**Image-text web data:**

■ ■ ■ ■ ■

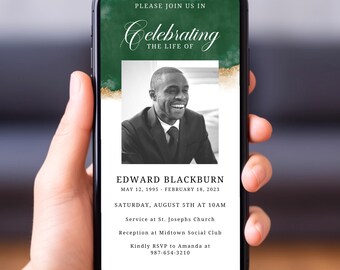 Emerald Green Funeral Invite, Electronic Memorial Invitation, Editable Photo Announcement, Digital Obituary Template, Funeral Evite Card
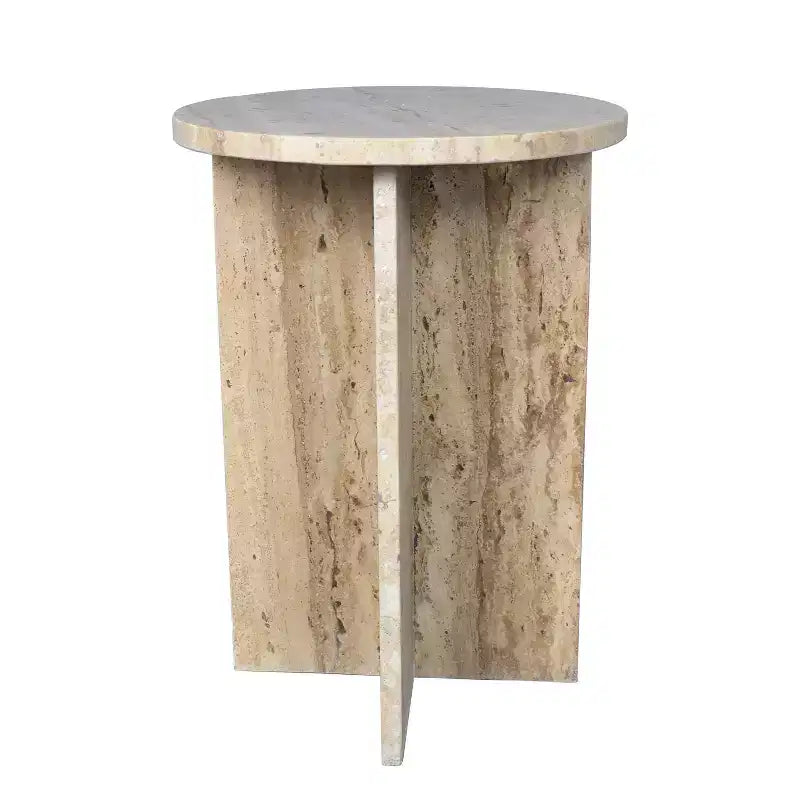 Table d'appoint en forme de X faite à la main en marbre naturel contemporain JONATHAN Y Javier 17.75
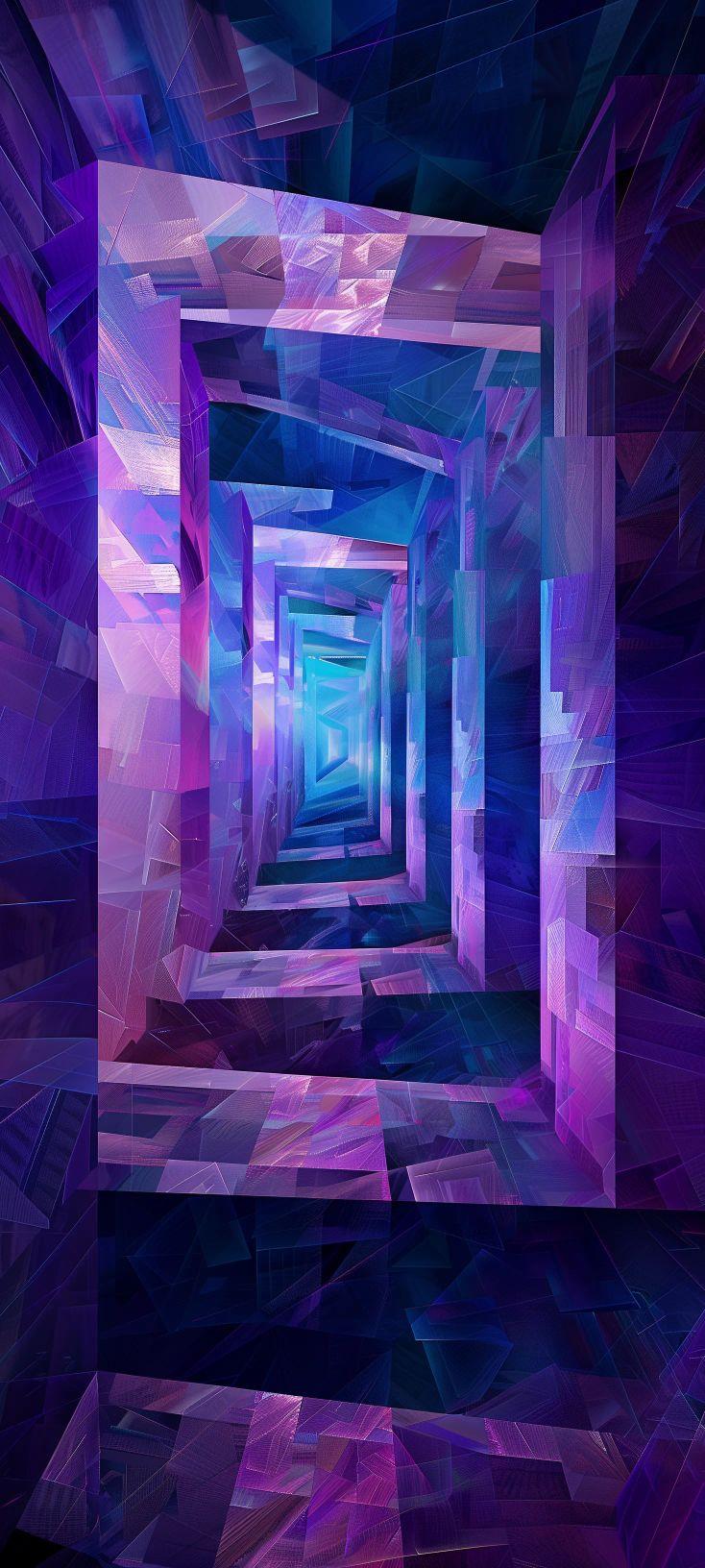 Abstract Purple and Blue Geometric Tunnel Wallpaper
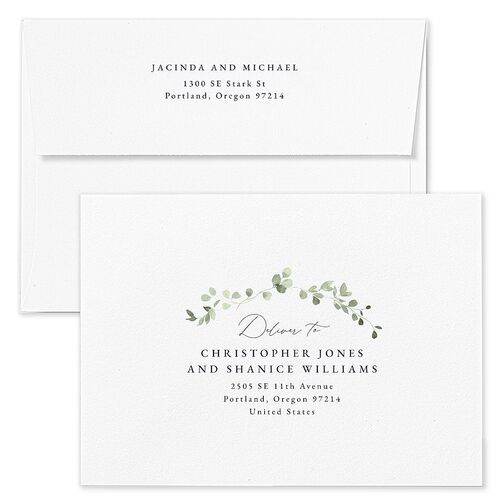 Fairytale Eucalyptus Wedding Invitation Envelopes White Navy Both Recipient and Return Addresses Standard Signature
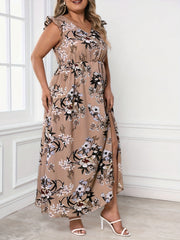  Floral Print Maxi Dress V Neck Butterfly Sleeve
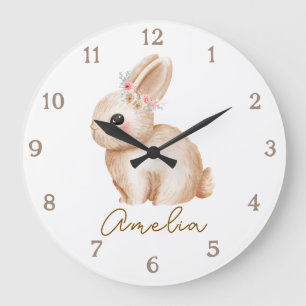 Horloge murale personnalisée de crèche avec lapin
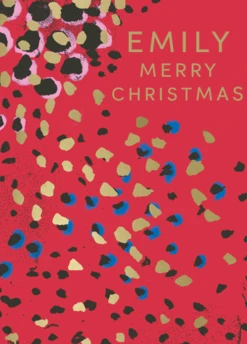 Pod Personalised Red & Gold Animal Print Christmas Card For Her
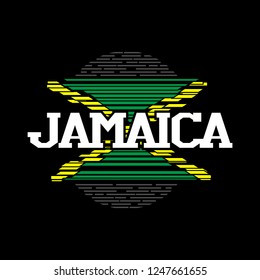 Jamaica flag holiday theme illustration, stylized poster for t-shirt print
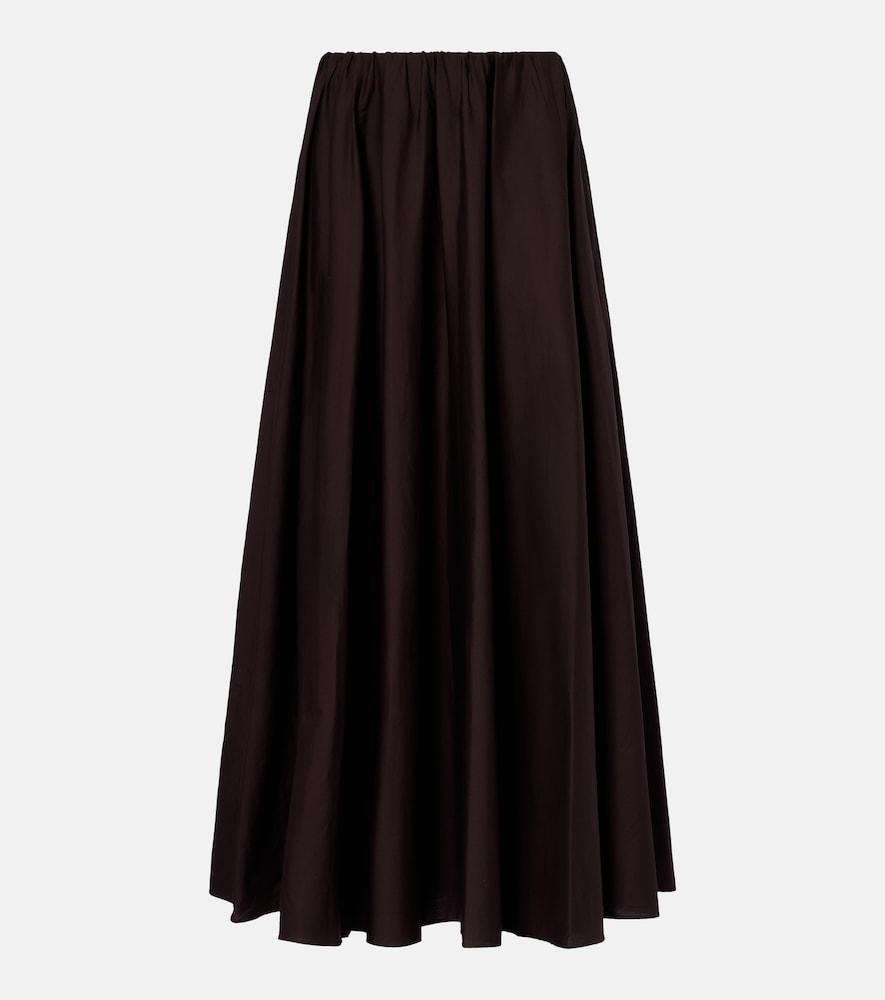 staud milano pleated cotton-blend maxi skirt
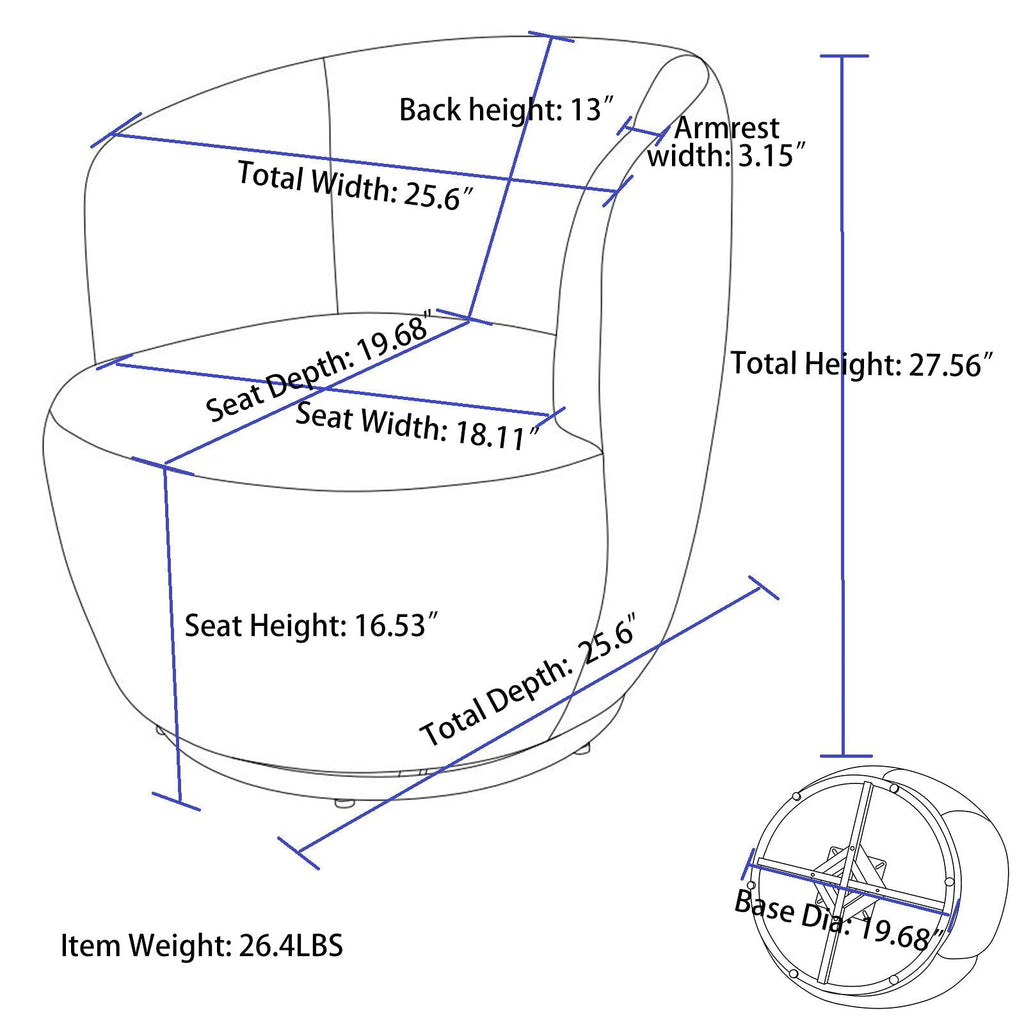 Teddy Fabric Swivel Accent Armchair Barrel Chair with 360° Metal Base - Multiple Colors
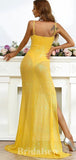 Sexy Yellow Glitter Elegant Unique Mermaid Formal Modest Long Evening Prom Dresses PD1036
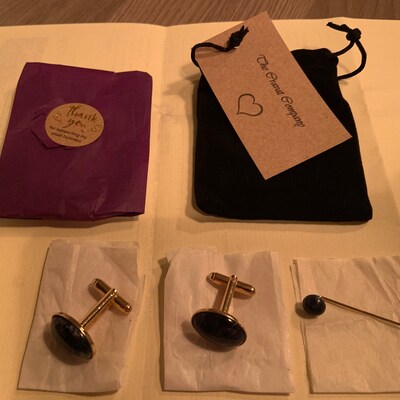 mother of pearl cufflinks and tie pin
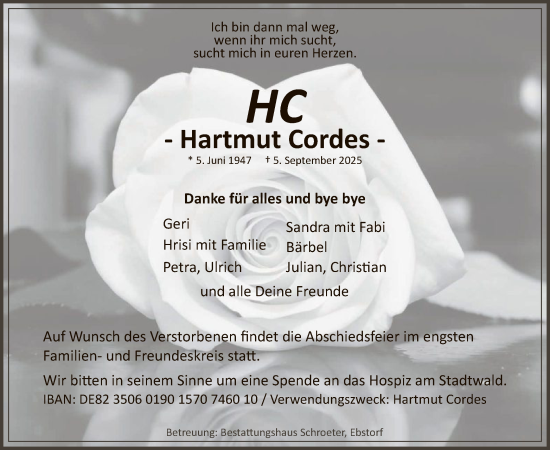 Traueranzeige von Hartmut Cordes von AZ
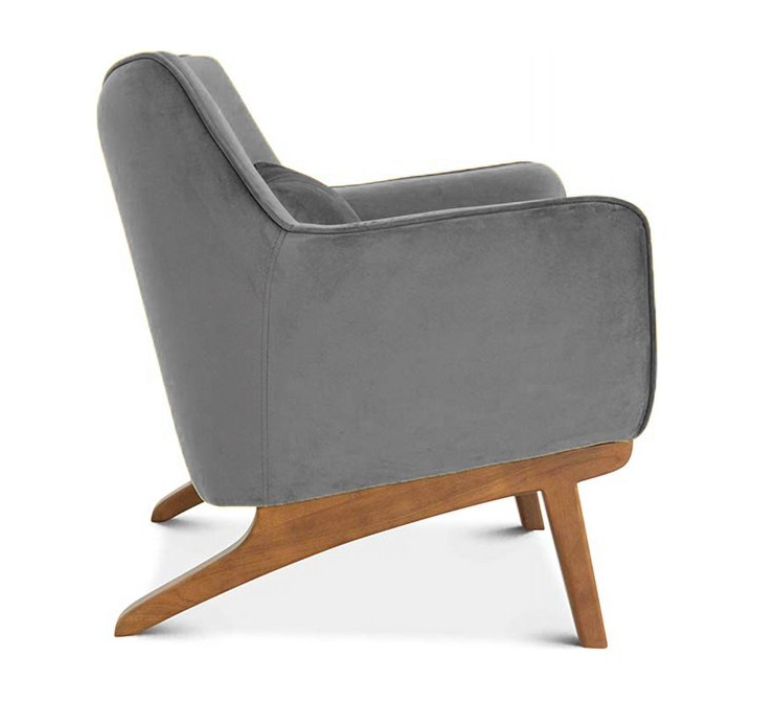 Allora Mid-Century Modern Tight Back Velvet Arm Chair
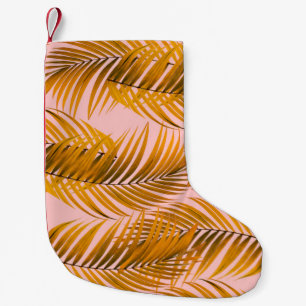 Tropisches realistisches Blätter-Muster-Trendmode  Kleiner Weihnachtsstrumpf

■ ■ ■ ■ ■

**PROBLEM TO WORK ON:**
In the copy, omit the pictures and reproduce every entry exactly.

**TASK ANSWER:**
 Emerald Green Funeral Invite, Electronic Memorial Invitation, Editable Photo Announcement, Digital Obituary Template, Funeral Evite Card
 Table d'appoint en forme de X faite à la main en marbre naturel contemporain JONATHAN Y Javier 17.75
 Abstract Purple and Blue Geometric Tunnel Wallpaper
 Fairytale Eucalyptus Wedding Invitation Envelopes White Navy Both Recipient and Return Addresses Standard Signature
  Floral Print Maxi Dress V Neck Butterfly Sleeve
 Horloge murale personnalisée de crèche avec lapin
 Pod Personalised Red & Gold Animal Print Christmas Card For Her
 Jamaica flag holiday theme illustration, stylized poster for t-shirt print
 staud milano pleated cotton-blend maxi skirt
 Teddy Fabric Swivel Accent Armchair Barrel Chair with 360° Metal Base - Multiple Colors
 Sexy Yellow Glitter Elegant Unique Mermaid Formal Modest Long Evening Prom Dresses PD1036
 mother of pearl cufflinks and tie pin
 Traueranzeige von Hartmut Cordes von AZ
 Allora Mid-Century Modern Tight Back Velvet Arm Chair
 Tropisches realistisches Blätter-Muster-Trendmode  Kleiner Weihnachtsstrumpf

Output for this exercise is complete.